» **EXERCISE DATA**
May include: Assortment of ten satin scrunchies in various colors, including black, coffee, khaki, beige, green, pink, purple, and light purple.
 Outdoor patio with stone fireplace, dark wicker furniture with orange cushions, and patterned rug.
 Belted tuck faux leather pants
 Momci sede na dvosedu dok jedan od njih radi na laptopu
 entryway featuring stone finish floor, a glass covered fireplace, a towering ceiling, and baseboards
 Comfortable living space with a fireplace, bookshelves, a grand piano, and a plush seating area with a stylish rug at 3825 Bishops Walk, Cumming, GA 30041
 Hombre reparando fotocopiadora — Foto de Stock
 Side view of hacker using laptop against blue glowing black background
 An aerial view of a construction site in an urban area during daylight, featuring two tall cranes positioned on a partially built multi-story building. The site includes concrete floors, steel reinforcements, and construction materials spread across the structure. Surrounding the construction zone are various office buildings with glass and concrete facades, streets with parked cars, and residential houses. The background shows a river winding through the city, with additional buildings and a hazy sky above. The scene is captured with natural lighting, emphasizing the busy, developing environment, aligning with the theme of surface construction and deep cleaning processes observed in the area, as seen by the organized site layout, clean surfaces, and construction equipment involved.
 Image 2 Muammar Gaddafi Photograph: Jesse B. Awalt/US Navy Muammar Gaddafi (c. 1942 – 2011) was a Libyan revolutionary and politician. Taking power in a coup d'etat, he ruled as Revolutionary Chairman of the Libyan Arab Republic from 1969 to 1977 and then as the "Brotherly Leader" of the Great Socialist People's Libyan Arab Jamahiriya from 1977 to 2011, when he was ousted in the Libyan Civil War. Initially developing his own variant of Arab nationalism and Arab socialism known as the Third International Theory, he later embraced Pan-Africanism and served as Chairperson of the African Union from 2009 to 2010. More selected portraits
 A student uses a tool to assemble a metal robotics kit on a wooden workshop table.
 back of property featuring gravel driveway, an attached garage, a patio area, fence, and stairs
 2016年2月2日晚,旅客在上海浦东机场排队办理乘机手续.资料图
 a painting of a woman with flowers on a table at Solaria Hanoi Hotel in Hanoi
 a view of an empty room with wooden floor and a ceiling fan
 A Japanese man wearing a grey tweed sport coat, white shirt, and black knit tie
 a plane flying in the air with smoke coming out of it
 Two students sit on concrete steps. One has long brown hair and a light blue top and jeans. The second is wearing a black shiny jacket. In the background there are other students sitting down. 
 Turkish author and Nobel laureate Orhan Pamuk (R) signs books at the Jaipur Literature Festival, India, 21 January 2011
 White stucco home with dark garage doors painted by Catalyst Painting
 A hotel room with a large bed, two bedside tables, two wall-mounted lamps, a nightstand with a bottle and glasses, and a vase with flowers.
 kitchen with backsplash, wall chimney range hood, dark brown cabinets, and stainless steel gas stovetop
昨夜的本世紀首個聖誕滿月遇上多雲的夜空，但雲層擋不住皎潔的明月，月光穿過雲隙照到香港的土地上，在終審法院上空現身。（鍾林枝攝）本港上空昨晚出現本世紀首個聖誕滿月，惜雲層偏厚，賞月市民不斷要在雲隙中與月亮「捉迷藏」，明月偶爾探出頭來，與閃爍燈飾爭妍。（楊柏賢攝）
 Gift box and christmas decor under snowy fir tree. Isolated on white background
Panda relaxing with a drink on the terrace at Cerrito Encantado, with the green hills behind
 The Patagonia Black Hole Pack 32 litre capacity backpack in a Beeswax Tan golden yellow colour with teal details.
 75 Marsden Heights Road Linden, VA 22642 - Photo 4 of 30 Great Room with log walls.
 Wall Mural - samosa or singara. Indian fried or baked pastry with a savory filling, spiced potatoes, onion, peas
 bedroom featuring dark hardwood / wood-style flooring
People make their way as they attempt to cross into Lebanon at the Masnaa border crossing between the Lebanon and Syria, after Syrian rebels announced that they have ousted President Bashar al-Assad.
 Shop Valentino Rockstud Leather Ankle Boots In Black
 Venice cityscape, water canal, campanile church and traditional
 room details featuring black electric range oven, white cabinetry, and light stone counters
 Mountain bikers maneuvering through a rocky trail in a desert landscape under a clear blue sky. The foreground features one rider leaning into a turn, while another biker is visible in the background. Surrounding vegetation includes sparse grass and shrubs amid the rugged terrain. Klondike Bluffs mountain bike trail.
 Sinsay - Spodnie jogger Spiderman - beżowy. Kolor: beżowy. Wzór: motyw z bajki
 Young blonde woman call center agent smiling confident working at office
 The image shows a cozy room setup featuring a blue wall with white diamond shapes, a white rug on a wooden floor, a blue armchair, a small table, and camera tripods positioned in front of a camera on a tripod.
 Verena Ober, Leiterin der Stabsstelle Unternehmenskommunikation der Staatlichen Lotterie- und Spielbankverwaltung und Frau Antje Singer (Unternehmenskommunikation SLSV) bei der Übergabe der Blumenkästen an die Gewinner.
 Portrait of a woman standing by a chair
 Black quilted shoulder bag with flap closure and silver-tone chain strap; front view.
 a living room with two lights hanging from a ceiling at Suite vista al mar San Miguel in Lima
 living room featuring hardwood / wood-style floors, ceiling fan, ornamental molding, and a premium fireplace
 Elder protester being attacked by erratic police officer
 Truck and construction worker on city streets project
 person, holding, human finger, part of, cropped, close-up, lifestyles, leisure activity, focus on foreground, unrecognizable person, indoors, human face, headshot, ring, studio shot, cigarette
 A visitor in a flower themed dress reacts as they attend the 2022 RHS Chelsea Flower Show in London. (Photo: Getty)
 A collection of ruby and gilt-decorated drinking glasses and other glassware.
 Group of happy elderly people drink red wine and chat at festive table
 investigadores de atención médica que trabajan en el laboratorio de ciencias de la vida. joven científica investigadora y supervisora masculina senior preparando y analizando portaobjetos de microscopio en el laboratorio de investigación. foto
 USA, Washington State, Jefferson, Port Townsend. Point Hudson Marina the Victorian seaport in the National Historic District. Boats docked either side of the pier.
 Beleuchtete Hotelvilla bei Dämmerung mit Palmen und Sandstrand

» **TASK PROMPT**
Where a line of the listing includes the word "ceiling", it counts; say how many such lines there are and nothing more.

» **RESPONSE AREA**
4